Driftonaut October 11, 2012 at 2:05 am

Thanks for the interview, Ive been a huge fan of Nathans (and this site) work for a while, and this interview is very enlightening… Ive been hooked on his work since i saw Bonsai Sunday, being a dad also, moved me to get my act together and start filming my kids, my equipment isnt as rad, but its its the effort that counts, right? Stoked hes’ been abe to ignite a passion in video for me… Hats off Mr Oldfield…


Xabi October 11, 2012 at 2:14 am

Great interview, remarkable human being! Can’t wait to see the whole thing anaia.

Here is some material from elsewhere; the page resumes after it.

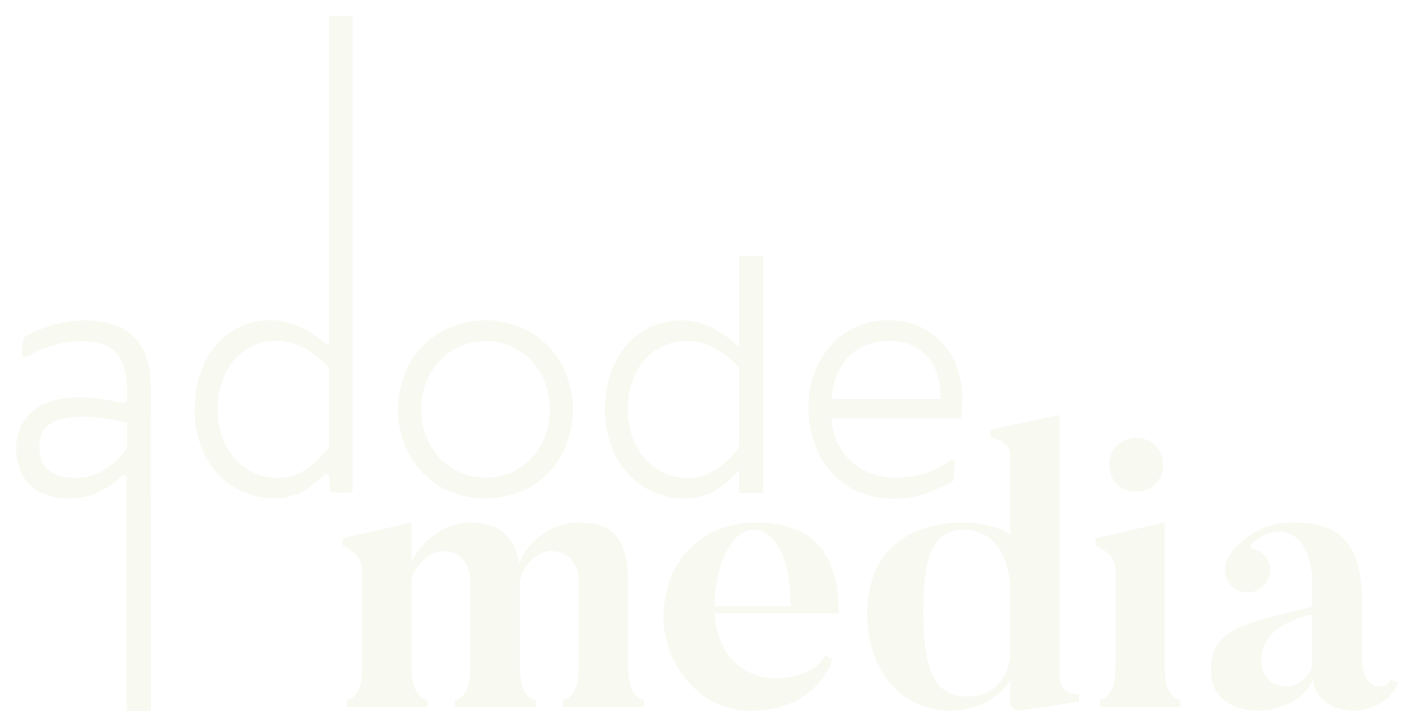 Adode Media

tom October 11, 2012 at 2:25 am

Admire your life and your work Nathan.. so looking forward to your beautiful new film


andrew October 11, 2012 at 2:32 am

What a lovely human…


Lauren Hill October 11, 2012 at 4:36 am

Nathan is one of the sweetest humans on Earth. We are so fortunate to have his kind, compassionate, and loving voice in our surfing culture. His films and imagery are always a gift.


Andrew R October 11, 2012 at 5:57 pm

Great interview with a wonderful person. A true artist and a good mate! Surfers should always support film makers like Nathan.


Mark Nielsen October 15, 2012 at 6:39 pm

This guy is amazing, truly talented, and just down to earth and approachable. Great interview with a great human being.


Daniel Stansfield-Smith January 24, 2013 at 6:01 pm

I’ve just finished watching this happy, joyful film. I have no doubt in my mind that this would have to be my favorite feel good movie I’ve seen. Watching people soaking up so many beautiful aspects of the ocean. My mind has been opened to more avenues that I can explore when I surf.
I would just love to know the names of the bands that were played in the movie because I cant find them anywhere.
I’m really looking forward to the next time I watch this film, it wont be the last. I’ll be sure to share its existence with many others.
Thanks Nathan.


Lucas February 27, 2013 at 4:30 am

What was the music playing in the background for the trailer?
Thank You


Mike March 23, 2013 at 10:27 pm

That was one of this worst surf movies I have ever seen. It was cliche. It was disengenuous. The music was nice, that’s it. If that took 3 years to make I feel bad for those who wasted their time. There was absolutely nothing unique about this film, including the surfing, so those of you who haven’t yet seen it, don’t waste your time or money.